Skype's Encryption May be Used as an Excuse for Trojan Viruses by German Police

Illustration for article titled Skype's Encryption May be Used as an Excuse for Trojan Viruses by German Police

Skype's encryption codes are proving a problem for German police, who say that their officers are unable to monitor suspect conversations. One of the country's top cops admitted yesterday that the combination of VoIP technology and Germany's strict anti-surveillance laws — a reaction to the Stasi's exploits during the Cold War — is making it harder to keep tabs on criminal and terrorist activity in the country.


"We can't decipher it," says Joerg Ziercke, President of the BKA, Germany's Federal Police Office. "That's why we're talking about source telecommunication surveillance — that is, getting to the source before encryption or after it's been decrypted." He does not, however, advocate that the Talinn-based internet company gave law enforcers its encryption keys.

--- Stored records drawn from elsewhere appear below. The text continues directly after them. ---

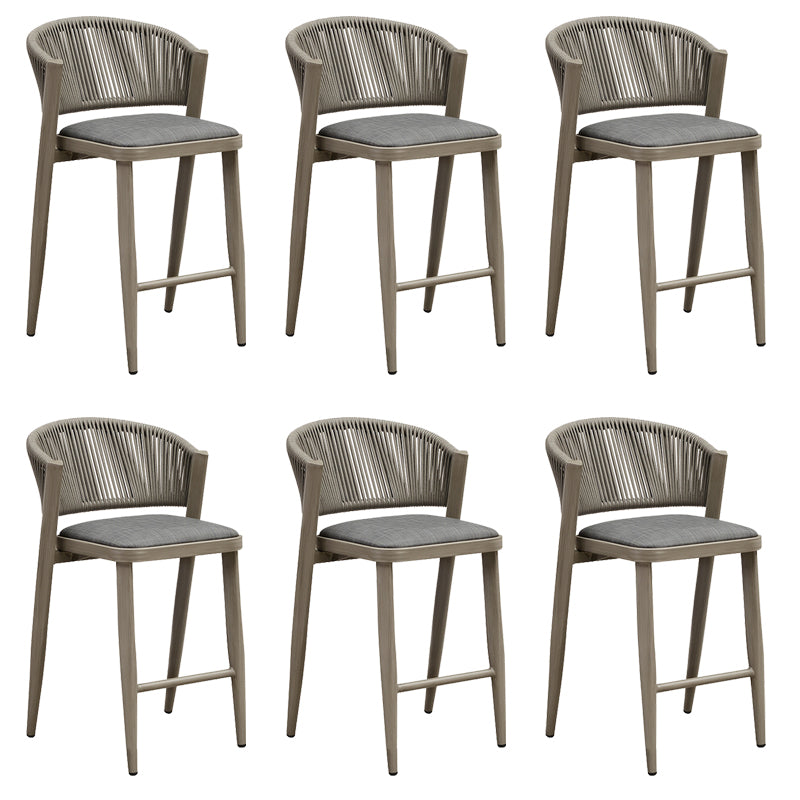 Tropical Patio Dining Side Chair Armless Rattan Outdoors Dining Chairs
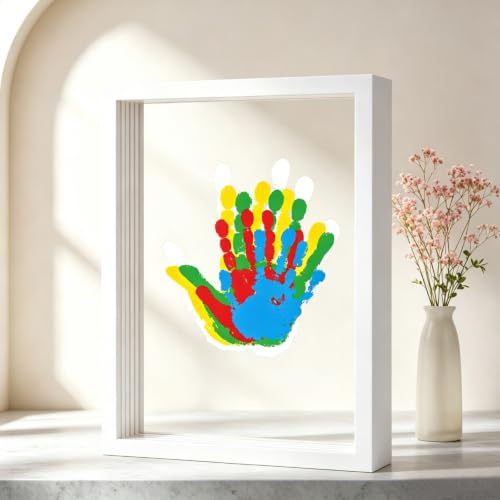 Family Handprint Art Kit with 4 Spaces – White Family Frame DIY Keepsake | Handprint Kit Clear DIY，Paint Set, Perfect Family Gifts for New Parents, Mother's Day, Father's Day, Birthday, Memory Gifts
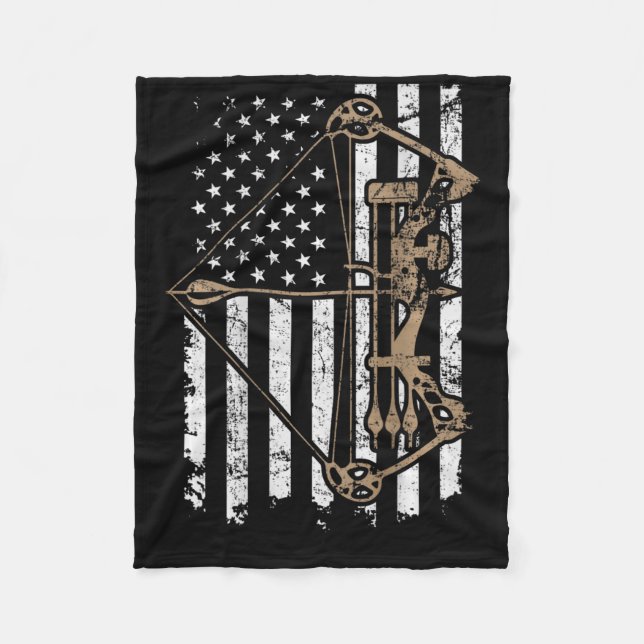 Camo Usa Flag Archery Compound Bow - Bow Hunter (o Fleece Blanket (Front)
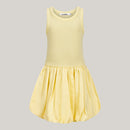 Balloon-Kleid aus Baumwolle mit Tanktop-Oberteil in Gelb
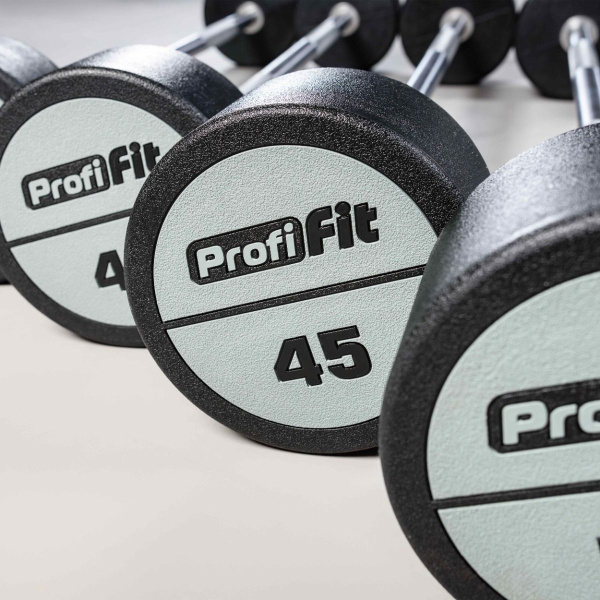 Набор прямых полиуретановых штанг (шаг 5 кг, 5 шт) PROFI-FIT 35-55 кг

"There are no discussions with Skype," he continued, stating that he had no interest in harming a company's competitiveness. "I don't think that any provider would go for that." He did, however, express the need for his country's law enforcement agencies to be able to conduct online searches of suspects' hard drives using Trojan Horse spyware, but he stressed that these cases were rare.

"We currently have 230 proceedings related to suspected Islamists," Ziercke said. "I can imagine that in two or three of those we would like to do this." [i4u and VoIP News]



I don't see the problem here: if the German police obtain a warrant to tap some one's Skype phone, and record the encrypted conversation, they can obtain another warrant that will allow them to bring the encrypted recording to Skype, to decrypt it for them.

Skype does not need to reveal their encryption technology, and the police can obtain the phone conversations they need.

Skype needs to adopt adequate security measures to ensure the privacy of the subscribers under surveillance, and also needs to limit this information within the company, but that isn't anything more than any Local Exchange Carrier would have to do under similar circumstances.

In effect, Skype is acting as a Local Exchange Carrier, except they have distributed a bit of their Central Office equipment to each Customer Premises. Since their Central Office equipment encrypts the phone conversation, Skype has an obligation to provide Law Enforcement with a decrypted copy.